Monthly Archives: March 2011

websites vs web apps

At KV Sites, we currently focus on providing websites to our customers.

However, this is not our main goal. Creating websites is a means to an end. We want to eventually enable all of our customers to create their own websites, and to eventually become creators of websites for their own clients.

How we do this, is to concentrate on automation.

Whenever we are asked to do anything, we do it, but we try to do it in such a way that the next time we are asked to do it, we can simply press a button.

The obvious example is the creation of a website. To build up a CMS-based website manually involves a number of technical points – create and install the database, create the virtual host, install the CMS, install the template, fill in the content. Purchase the domain name, configure the DNS

Every point above can be automated except the “fill in the content” part, and so we have automated it.

For our company, creating a website involves us simply clicking a “Create a new site” button:

This installs a CMS, including the database, a template, and even some sample content so it doesn’t start out blank.

All that leaves is for the client’s company-specific content to be entered, and for them to choose a domain name, and a design template change if they want it.

This is the reason why we are able to provide our websites much cheaper than most traditional web design companies – we try to cut out as much of the “behind the scenes” work as we can, so we don’t need to charge our clients for that work.

Now, back to the topic…

As said at the beginning of this post, our main goal is actually not to be a web design company.

The goal of the company KV Sites is to become a web applications provider.

While we still love our clients and want them to come in and buy websites from us, we are also working away in the background trying to come up with ways that we can give our tools away so that other people can create websites (and more) using our tools.

As an example, our control panel, which we use for creating websites, is currently also shared out so a number of resellers throughout Ireland can create websites themselves using the same tools we use (if you’re interested in this, contact Kae).

The reason we are doing this, is that we love working on the automation side of the equation. We love letting our clients edit their own sites whenever they want, and we love giving our resellers the ability to create and sell websites even if they are not web designers themselves.

We even love the people that are not using our CMS engine.

For those of you out there that already have websites from other providers, we are writing a suite of tools to give you added abilities on those sites – for example, imagine adding a Facebook-like chat to your website by adding a single line of code to your website? Or maybe adding a subscription tool that lets you send SMS messages to your visitors? It’s all on the way…

success vs comfort

Over the last week, I’ve had the opportunity to work with some people who are building a large-scale application for a company. I can’t say much about it other than the company is a “house-hold name” online, and you will probably come across the work in your own online life soon.
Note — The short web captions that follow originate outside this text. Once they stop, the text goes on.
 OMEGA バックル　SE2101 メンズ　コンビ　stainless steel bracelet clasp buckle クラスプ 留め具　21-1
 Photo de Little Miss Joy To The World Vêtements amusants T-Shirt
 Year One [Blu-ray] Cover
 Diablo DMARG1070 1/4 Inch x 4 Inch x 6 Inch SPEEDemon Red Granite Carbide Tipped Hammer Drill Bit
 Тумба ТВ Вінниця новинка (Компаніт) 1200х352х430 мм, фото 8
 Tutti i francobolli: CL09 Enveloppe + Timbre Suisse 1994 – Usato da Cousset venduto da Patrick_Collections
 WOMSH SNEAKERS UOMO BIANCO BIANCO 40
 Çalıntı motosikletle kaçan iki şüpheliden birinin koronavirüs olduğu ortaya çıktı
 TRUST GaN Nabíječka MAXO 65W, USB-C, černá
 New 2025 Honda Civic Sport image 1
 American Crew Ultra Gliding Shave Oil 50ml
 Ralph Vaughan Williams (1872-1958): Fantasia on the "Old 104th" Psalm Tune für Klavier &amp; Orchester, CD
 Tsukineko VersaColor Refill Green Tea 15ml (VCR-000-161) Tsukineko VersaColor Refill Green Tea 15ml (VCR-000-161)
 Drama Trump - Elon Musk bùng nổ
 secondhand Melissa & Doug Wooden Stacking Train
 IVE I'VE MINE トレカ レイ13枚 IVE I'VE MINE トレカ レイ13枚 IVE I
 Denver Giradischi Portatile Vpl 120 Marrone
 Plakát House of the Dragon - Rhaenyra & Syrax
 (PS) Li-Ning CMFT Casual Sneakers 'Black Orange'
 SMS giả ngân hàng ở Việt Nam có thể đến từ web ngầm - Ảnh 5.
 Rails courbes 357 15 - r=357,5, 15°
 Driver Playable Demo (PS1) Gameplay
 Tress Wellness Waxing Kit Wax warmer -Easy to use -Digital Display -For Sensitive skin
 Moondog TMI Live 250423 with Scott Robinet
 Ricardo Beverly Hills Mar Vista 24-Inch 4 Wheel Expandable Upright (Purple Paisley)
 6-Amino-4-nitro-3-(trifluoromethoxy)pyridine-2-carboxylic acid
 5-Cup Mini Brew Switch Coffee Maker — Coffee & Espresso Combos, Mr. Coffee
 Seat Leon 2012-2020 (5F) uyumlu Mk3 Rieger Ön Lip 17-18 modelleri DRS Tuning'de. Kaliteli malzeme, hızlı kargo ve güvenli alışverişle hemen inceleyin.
The architecture (which I was hired to look at and suggest improvements for) is interesting, but what interested me more were the people driving the work.

It seems to me that the more people there are in a company, the more specialised the language gets when managers speak to each other. There was a lot of talk of “crud”, “sprints”, “stand-up meetings”, etc., each of which seemed a bit over-abstracted to me – it seemed to me that these things are for the benefit of the managers, and that the work itself could be done quicker without them.

I wasn’t very comfortable with it. I prefer to get on with the work. Spending an hour in the morning discussing what I’m going to do, and an hour at the end of the day discussing what I got done that day seems to me like I’ve just spent 25% of the working day talking when I could have been working.

I’m used to building up a plan which may be a week or two long, then getting it done. Having to stop every few hours to explain to people what is really a bit too low-level to be of interest to them is just not my idea of fun. It is my opinion that a manager needs to know when a project is ready to be demoed or published, but to invite a manager to dig into the engine and examine the nuts and bolts seems a bit mad.

Facebook do the exact opposite, and I admire them for it. They allow the programmers free reign to do their work whatever way they need to, and are only interested in results – not whether the method followed was Agile, Waterfall, Scrum, or some other cycle.

Companies that follow certain coding philosophies do it with a specific goal in mind – they want to be rich, and quickly.

I’m kind of the opposite to that, as can be seen by my prices. While it would be nice to be rich, I really do not want to go far out of my way to obtain that goal. I am more interested in paying the bills and not being stressed, than in some mad rat-race to get paid twice as much as I’m currently getting.

And so my own philosophy is to work away on things, incrementally improving my products, and to never take risks. If I do well, then I will eventually make a tidy sum. If I don’t, then I will at least be comfortable.

And that, for me, is what’s important. I prefer to go home at 5pm to a comfortable couch and a book, than to have a load of money in the bank and a stressful life.